Pour Gregor Rutz (UDC/ZH), il s'agit "d'un débat sur le futur des médias, qui doivent être indépendants en termes d'opinion, mais aussi financièrement."
La SSR n'est pas là pour diffuser des séries américaines alors que des télévisions privées peuvent le faire. Elle doit se concentrer sur le service public stricto sensu, a-t-il aussi ajouté. Le Bernois Adrian Amstutz a quant à lui dénoncé un monopole d'Etat qui uniformise l'offre et empêche la concurrence privée de respirer.

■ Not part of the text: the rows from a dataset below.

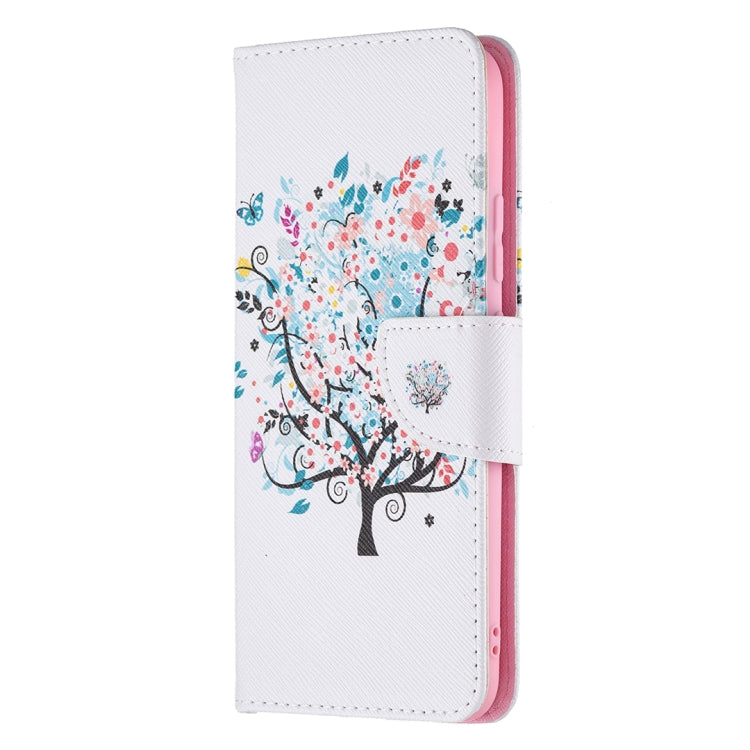 For OPPO Realme C21 / C20 Colored Drawing Pattern Horizontal Flip Leather Case with Holder & Card Slots & Wallet(Tree) - Realme Cases by buy2fix | Online Shopping UK | buy2fix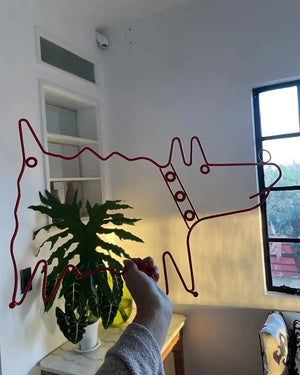 Modü Red Bull Terrior Metal Wall Hook Hanger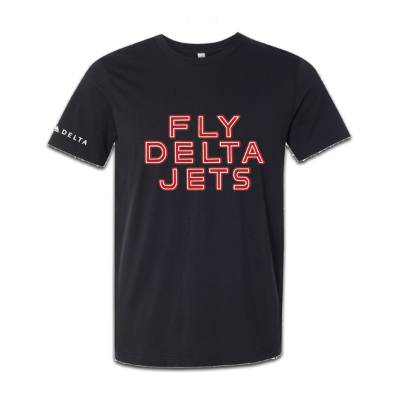 FLY DELTA JETS BLACK T-SHIRT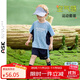 ASK JUNIOR男童兒童運動(dòng)套裝2025夏季吸濕速干嬰幼短袖短褲 藍色  100 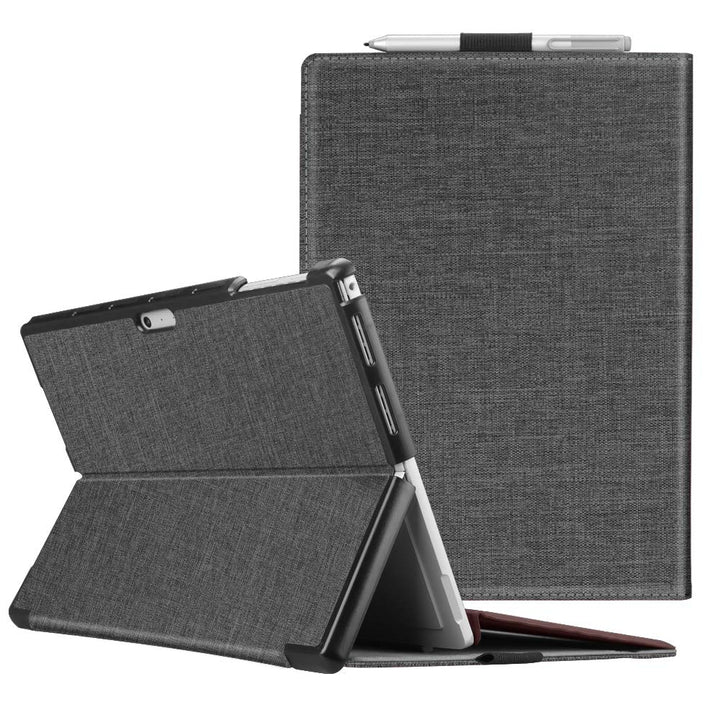 Fintie Hülle für Microsoft Surface Pro 7/7 Plus / 6/5, Business Schutzhülle mit Harter Schale, anpas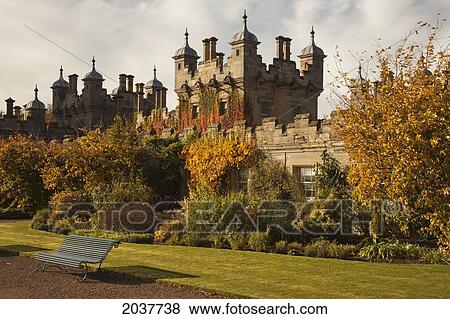 Floors Castle; Scottish Borders Scotland View Large Photo Image Stock Photo - Floors Castle; Scottish Borders Scotland. Fotosearch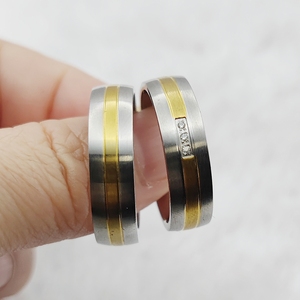 Joyería <span class=keywords><strong>de</strong></span> alta calidad Anillos casados clásicos Diseñador Parejas Anillos Compromiso <span class=keywords><strong>DE</strong></span> BODA Conjunto nupcial para <span class=keywords><strong>hombre</strong></span> y esposa - Product Image 4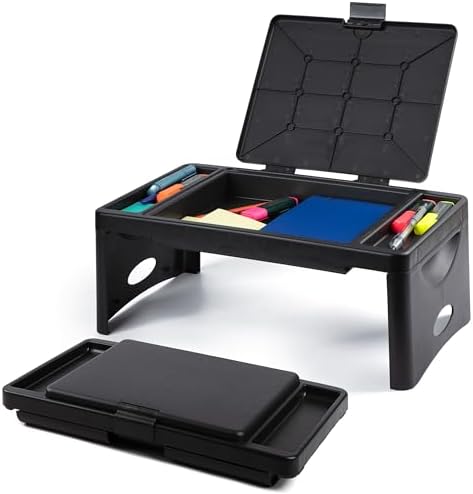 Loddie Doddie Lap Desk, Folding Desk, Bed Table, Black, 9.75"x12" by LoddieDoddie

Un abandon aux conséquences catastrophiques
Les conséquences financières d'un abandon de la redevance ou de son plafonnement à 200 francs, une option défendue par l'UDC en cas de rejet de l'initiative "No Billag", seraient catastrophiques. La SSR devrait fermer de nombreuses antennes au détriment des régions périphériques, a insisté Martin Candinas (PDC/GR). Elle ne pourra pas compenser ses pertes avec la publicité. Les radios et télévisions locales seraient aussi frappées. Pis, le paysage audiovisuel suisse serait à la merci des médias étrangers.
La gauche, le PDC mais aussi plusieurs élus de droite, notamment romands, refusent de se lancer dans une telle opération de démantèlement de la SSR et du service public. La diversité culturelle et linguistique est en jeu, a affirmé Viola Amherd (PDC/VS).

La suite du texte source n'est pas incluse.